Die Elbe, die Straßen Hamburgs und das lebendige St. Georg waren ihr Zuhause. Hier lebte und engagierte sie sich. Sie war eine scharfsinnige Beobachterin und Chronistin von Ungerechtigkeiten. Den Kampf gegen die alten Nazis, die in der jungen Bundesrepublik viel zu lange eine wesentliche Rolle spielten und deren Wiedergängern, führte sie mit Kraft, Vehemenz und Anmut.
Als Gerichtsreporterin für „konkret“ analysierte sie die Justiz und die handelnden Personen. Sie beleuchtete Täter, ihre Taten und die Umstände, die dazu führten. Sie schilderte komplexe Bilder von Tätern, die sich nicht in einfache Kategorien einordnen ließen. Ihr 1978 veröffentlichtes Buch „Prozesse 1970–1978“ ist ein bedeutendes Werk der deutschen Gerichtsberichterstattung.
Neben ihrer Tätigkeit als Journalistin setzte sie sich für die Rechte von Frauen, der LGBTQ+-Community und marginalisierter Gruppen ein. Sie war eine bekannte Persönlichkeit der queeren Bewegung in Hamburg und eine Stimme gegen Homophobie. Mit ihrer Lebensfreude, ihrem Lachen und ihrer auffälligen Erscheinung war sie eine Person, die Widerspruch hervorrief.
Ihre Werke, darunter „Süchtig nach Leben“ (1990) und „Kindheit: Wie unsere Mutter uns vor den Nazis rettete“ (2012), spiegeln ihr Engagement für Gerechtigkeit wider und zeigen die Stärke eines Lebens, das sich nicht unterdrücken ließ.

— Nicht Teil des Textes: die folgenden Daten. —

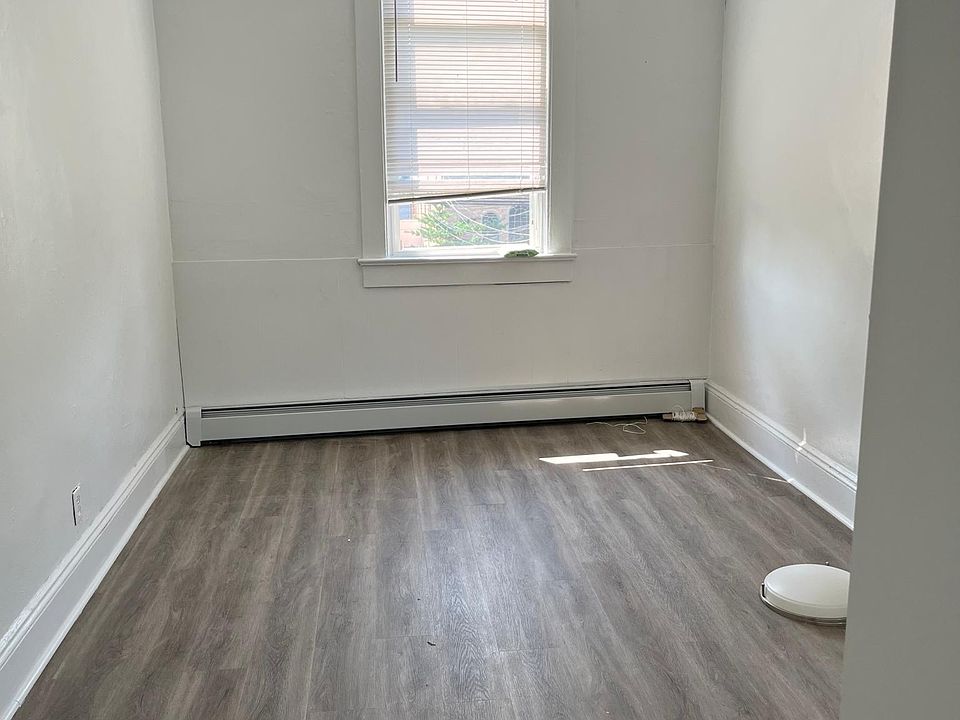 1st image of 21401 35th Ave APT 1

Peggy Parnass wurde für ihr Engagement mehrfach ausgezeichnet:
- Fritz-Bauer-Preis (1980),
- Carl-von-Ossietzky-Medaille der Internationalen Liga für Menschenrechte (1990),
- Biermann-Ratjen-Medaille der Stadt Hamburg (1998),
- Bundesverdienstkreuz am Bande der Bundesrepublik Deutschland (2008),
- Ehrendenkmünze in Gold des Hamburger Senats (2019),
- Benennung des Parnass-Platzes in Hamburg-Eimsbüttel (2023),
- Ehrenmitgliedschaft im deutschen PEN-Zentrum und in der Louise-Aston-Gesellschaft,
- Aufnahme in das Lonka-Projekt als Holocaust-Überlebende (2021).
Mit Peggy Parnass verliert Hamburg eine engagierte, mutige und prinzipienfeste Stimme. Ihre Texte, ihr Engagement und ihre Entschlossenheit werden in Erinnerung bleiben. Sie lehrte uns, dass Erinnerung eine Verpflichtung darstellt.